Si l’on reconnaît en César le personnage principal du livre, c’est pourtant bien la Mort et ses multiples préliminaires, apparaissant dès l’incipit avec la disparition simulée de César, qui hantent ce récit. Attaché à la morgue d’un l’hôpital militaire, le narrateur s’aperçoit rapidement que les nombreux corps qui lui sont envoyés ont subi les pires sévices du régime.

Il s’implique alors, presque malgré lui, dans une résistance qui passe par l’attention portée à l’identité des défunts, en associant à ses photographies une liste des noms des suppliciés. Dans un régime qui corrompt toute joie et où s’impose le refrain de la prudence, un infime espoir parvient, néanmoins, à s’éveiller près des odeurs de Printemps.

Camera obscura, qui désigne en photographie cette boîte obscure dans laquelle on place l’œil et qui permet d’obtenir une image nette d’un objet que l’on désire reproduire, oriente déjà la lecture du livre. Pourriez-vous expliciter le choix de ce titre ?

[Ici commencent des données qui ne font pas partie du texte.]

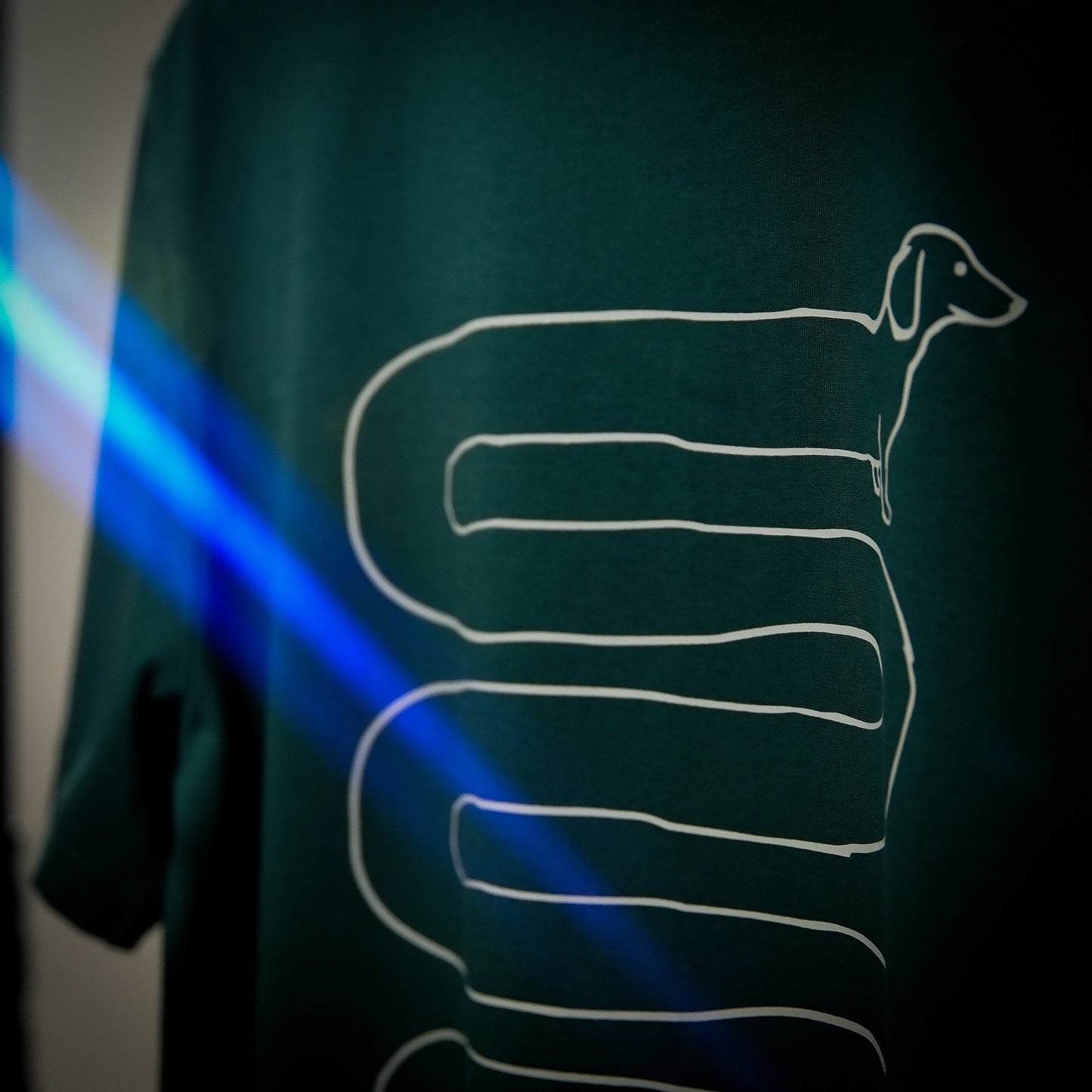 daggel shirt glazed green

Je voulais un titre qui conserve au roman son mystère, qui ne l’enferme ni dans une aire géographique, ni dans une période historique, ni dans un genre. Camera obscura donne l’indice d’un des personnages principaux de ce livre, à savoir la chambre noire photographique, l’outil de travail du narrateur. Mais cet outil de travail est beaucoup plus que ça, il est le prolongement du narrateur, ce qui peut le sauver et ce qui peut le perdre. La chambre noire évoque aussi dans mon imaginaire une de ces pièces dont on n’ose pousser la porte de peur d’y trouver les monstres, au sens figuré comme au sens propre, qui y vivent.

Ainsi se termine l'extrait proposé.